▸ **Data excerpts**
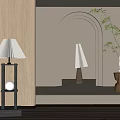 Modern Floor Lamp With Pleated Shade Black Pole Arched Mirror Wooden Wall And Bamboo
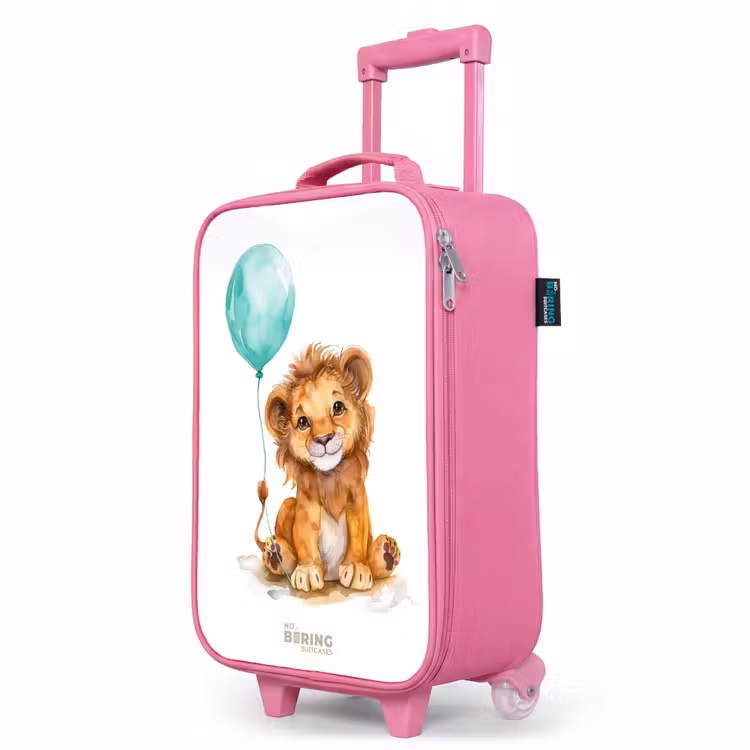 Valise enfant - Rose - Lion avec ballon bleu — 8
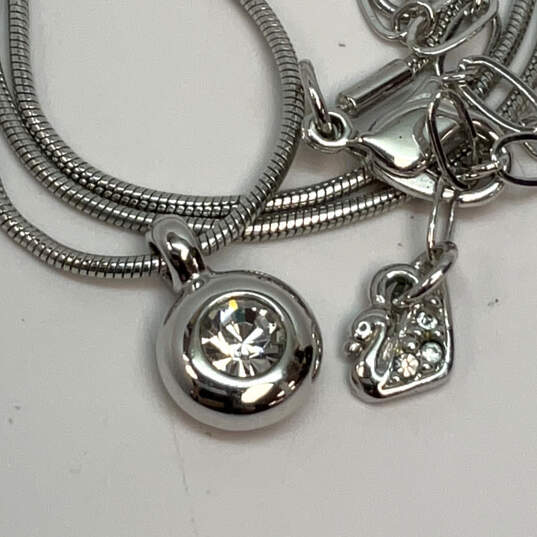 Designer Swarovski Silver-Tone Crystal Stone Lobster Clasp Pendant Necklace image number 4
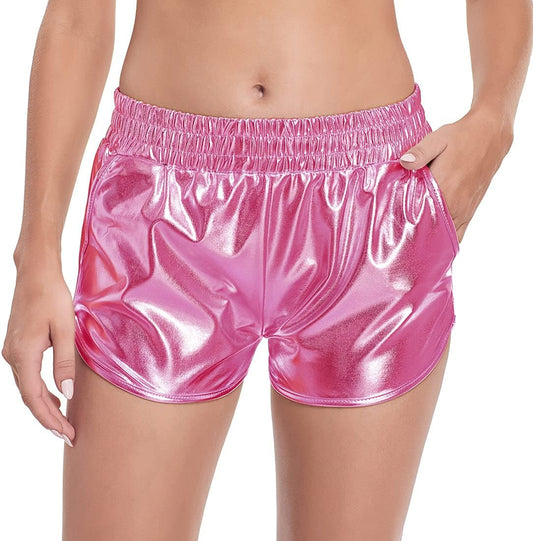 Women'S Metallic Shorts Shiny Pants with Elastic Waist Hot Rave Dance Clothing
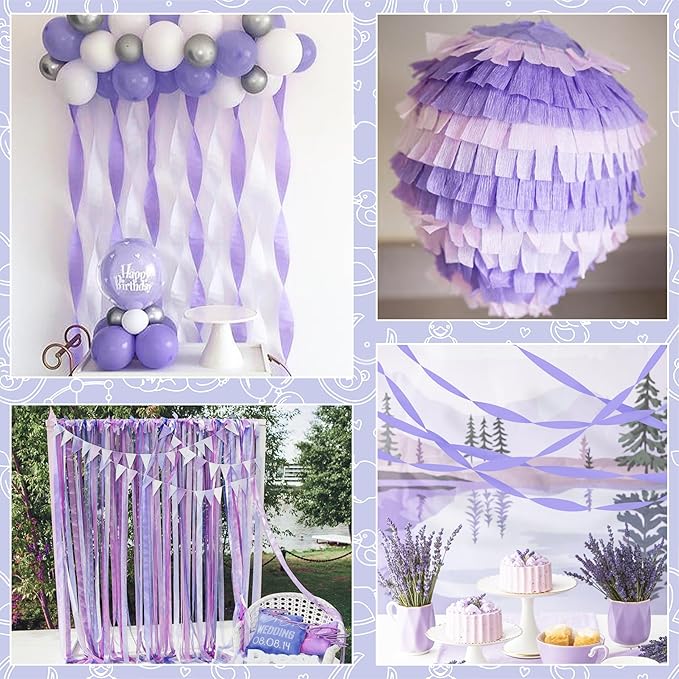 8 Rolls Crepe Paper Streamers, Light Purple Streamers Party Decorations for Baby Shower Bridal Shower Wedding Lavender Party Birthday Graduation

▸ **Exercise objective**
Leave the pictures out and reproduce exactly the lines from the top of the listing above through the line with "Women'S Metallic Shorts".

▸ **Reply**
 Modern Floor Lamp With Pleated Shade Black Pole Arched Mirror Wooden Wall And Bamboo
 Valise enfant - Rose - Lion avec ballon bleu — 8
 Designer Swarovski Silver-Tone Crystal Stone Lobster Clasp Pendant Necklace image number 4
 Women'S Metallic Shorts Shiny Pants with Elastic Waist Hot Rave Dance Clothing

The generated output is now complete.